Attributes related data consists of details about entity attributes where certain quality metrics can be applied like
- completeness – whether we have a value for an attribute
- uniqueness – whether values are unique for different entities
Relationships related data consists of details about entity relationships where certain quality metrics can be applied like
- completeness – whether we have correct relationships between two entities.
These rules are inherited from m4i_data_management repository.
Configuring Rules¶
An important aspect of Data Quality is the rules that are applied to each entity. There are separate rules for attributes and relationships. However, the structure is same and follows as below.
id: id
expressionVersion: version of expression
expression: expression to evaluate completeness(‘name’)
qualifiedName: unique name for the rule example:m4i_data_domain–name
qualityDimension: Rule Category - explained below
ruleDescription: Description of the rule ex:name is not None and is not empty
active: 0 | 1
type: attribute | relationship
Rule Category | Rule Description |
---|---|
completeness | degree to which data is not null |
accuracy | degree to which a column conforms to a standard |
validity | degree to which the data comply with a predefined structure |
uniqueness | degree to which the data has a unique value |
timeliness | the data should be up to date |
Example
id: 1
expressionVersion: 1
expression: completeness(‘name’)
qualifiedName: m4i_data_domain–name
qualityDimension: completeness
ruleDescription: name is not None and is not empty
active: 1
type: attribute
Rules are maintained in rules directory of the package and can be found for each m4i type.
Running the code¶
We can execute run.py file. This will generates 6 files in output folder of the package. Three each for attributes and relationships. In addition, generated data is pushed to Elasticsearch indexes.

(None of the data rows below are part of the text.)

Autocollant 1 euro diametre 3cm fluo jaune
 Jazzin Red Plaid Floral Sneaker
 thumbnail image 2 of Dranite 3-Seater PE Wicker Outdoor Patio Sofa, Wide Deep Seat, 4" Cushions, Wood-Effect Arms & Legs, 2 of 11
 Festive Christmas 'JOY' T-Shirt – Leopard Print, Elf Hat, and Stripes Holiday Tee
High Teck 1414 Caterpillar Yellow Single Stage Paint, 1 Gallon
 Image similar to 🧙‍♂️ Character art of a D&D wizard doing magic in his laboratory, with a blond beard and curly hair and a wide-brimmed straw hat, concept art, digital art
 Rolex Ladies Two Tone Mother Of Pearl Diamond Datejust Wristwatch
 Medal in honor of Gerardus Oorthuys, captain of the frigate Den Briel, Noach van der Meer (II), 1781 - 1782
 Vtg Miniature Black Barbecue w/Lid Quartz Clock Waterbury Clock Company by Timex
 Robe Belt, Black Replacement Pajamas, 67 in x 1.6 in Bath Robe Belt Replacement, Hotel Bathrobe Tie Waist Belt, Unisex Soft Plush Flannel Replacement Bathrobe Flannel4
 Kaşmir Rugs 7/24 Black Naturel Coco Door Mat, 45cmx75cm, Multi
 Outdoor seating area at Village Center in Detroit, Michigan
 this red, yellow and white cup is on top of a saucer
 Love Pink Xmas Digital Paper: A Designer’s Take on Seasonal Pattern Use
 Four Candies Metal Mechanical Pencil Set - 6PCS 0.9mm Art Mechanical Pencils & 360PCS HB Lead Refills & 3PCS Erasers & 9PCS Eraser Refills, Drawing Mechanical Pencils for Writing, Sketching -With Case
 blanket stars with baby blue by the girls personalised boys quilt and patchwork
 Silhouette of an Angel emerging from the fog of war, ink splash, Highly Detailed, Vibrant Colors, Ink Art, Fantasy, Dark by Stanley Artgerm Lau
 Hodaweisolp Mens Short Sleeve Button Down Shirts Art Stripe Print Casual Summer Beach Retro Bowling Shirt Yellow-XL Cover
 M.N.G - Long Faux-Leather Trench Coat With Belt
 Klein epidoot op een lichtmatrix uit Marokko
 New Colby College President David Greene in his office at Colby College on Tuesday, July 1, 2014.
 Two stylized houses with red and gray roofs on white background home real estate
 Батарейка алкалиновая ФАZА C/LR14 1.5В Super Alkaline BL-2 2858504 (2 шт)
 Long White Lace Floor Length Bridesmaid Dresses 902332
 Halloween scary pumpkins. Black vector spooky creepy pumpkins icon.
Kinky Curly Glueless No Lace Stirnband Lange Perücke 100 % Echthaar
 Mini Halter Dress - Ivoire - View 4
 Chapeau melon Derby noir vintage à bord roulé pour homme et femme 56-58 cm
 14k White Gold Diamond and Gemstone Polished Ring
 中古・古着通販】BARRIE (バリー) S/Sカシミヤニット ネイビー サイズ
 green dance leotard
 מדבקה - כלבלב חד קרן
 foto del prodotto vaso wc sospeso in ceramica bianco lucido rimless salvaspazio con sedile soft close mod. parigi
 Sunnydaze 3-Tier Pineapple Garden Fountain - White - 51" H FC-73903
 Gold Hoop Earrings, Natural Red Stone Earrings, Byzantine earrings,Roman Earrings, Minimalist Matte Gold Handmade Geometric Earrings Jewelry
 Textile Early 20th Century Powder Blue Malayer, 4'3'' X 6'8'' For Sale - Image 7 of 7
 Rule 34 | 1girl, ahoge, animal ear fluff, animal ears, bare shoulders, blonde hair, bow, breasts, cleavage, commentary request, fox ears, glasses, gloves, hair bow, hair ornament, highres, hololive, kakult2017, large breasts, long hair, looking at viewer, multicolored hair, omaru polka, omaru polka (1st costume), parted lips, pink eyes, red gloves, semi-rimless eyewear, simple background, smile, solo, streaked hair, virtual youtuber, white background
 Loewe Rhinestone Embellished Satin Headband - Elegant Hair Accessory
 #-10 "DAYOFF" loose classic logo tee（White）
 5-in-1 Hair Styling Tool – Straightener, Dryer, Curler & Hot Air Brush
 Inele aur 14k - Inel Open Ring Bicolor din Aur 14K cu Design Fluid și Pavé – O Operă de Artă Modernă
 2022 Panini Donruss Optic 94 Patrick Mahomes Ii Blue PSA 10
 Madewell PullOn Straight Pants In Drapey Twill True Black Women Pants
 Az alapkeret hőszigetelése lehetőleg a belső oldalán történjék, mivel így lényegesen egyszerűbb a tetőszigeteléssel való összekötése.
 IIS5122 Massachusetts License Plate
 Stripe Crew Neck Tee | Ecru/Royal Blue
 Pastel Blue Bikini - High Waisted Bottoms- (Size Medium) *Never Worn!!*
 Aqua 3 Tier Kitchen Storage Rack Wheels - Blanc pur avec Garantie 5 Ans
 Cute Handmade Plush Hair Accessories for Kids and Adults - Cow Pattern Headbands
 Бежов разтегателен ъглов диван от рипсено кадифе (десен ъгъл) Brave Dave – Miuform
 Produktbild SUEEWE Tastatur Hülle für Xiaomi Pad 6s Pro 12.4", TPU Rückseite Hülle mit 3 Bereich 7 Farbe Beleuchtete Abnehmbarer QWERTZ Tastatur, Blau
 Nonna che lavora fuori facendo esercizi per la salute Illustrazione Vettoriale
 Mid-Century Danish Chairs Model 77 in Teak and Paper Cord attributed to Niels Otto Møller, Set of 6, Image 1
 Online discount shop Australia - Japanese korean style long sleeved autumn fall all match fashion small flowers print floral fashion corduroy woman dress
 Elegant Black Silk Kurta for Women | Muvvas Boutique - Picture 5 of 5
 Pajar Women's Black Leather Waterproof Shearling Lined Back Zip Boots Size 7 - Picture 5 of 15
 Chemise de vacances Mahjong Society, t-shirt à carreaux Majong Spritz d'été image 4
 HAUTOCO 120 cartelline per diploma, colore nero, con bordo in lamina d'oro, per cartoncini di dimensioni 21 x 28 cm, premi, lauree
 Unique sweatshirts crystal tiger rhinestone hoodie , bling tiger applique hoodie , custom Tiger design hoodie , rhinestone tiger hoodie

We can configure pre-fix of indexes by updating elastic_index_prefix for both attributes and relationships related data.
- Summary – gives a summary of the data quality results.
- Complaint Data – gives information about complaints.
- Non-complaint Data – gives information about non-complaints.
Dependency¶
To Run this package, we need to have below packages installed * m4i_atlas_core – communicates with Apache Atlas * vox-data-management – communicates for Quality metric already defined * elasticsearch – communicates with ElasticSearch
Installation¶
Please ensure your Python environment is set on version 3.7. Some dependencies do not work with any later versions of Python. Basically, this is a requirement for underlying package m4i_data_management
To install m4i-atlas-core and all required dependencies to your active Python environment. Activate it using:
source <venv_name>binactivate or create new python3.7 -m venv <venv_name>
Configurations and Credentials¶
Please make a copy of config.sample.py and credentials.sample.py and rename the files to config.py and credentials.py respectively. Please set the configuration parameters and credentials for atlas and elastic as below.
credentials.py Should contain two dictionaries viz credential_atlas and credential_elastic
Name | Description |
---|---|
credential_atlas[atlas.credentials.username] | The Username to be used to access the Atlas Instance. |
credential_atlas[atlas.credentials.password] | The Password to be used to access the Atlas Instance must correspond to the Username given. |
credential_elastic[elastic_cloud_id] | Service URL for Elastic. |
credential_elastic[elastic_cloud_username] | The Username to be used to access the Elastic Instance. |
credential_elastic[elastic_cloud_password] | The Password to be used to access the Elastic Instance must correspond to the Username given. |
config.py Should contain two dictionaries viz config_elastic and config_atlas
Name | Description |
---|---|
config_elastic[elastic_index_prefix] | Define prefix for the elastic Index where data will be pushed to |
config_atlas[atlas.server.url] | The Server URL that Atlas runs on, with /api/atlas post fix. |
config_atlas[atlas.credentials.token] | Add Keycloak access token |
Execution¶
- Create the Python Environment. How to do this can be found in this file under Installation
- Fill in the Configurations and Credentials as indicated in this file under Configurations and Credentials
3. Run scriptsrun.py to create 6 files in output folder, 3 each for Attributes and Relationships. Same data is also pushed to Elastic.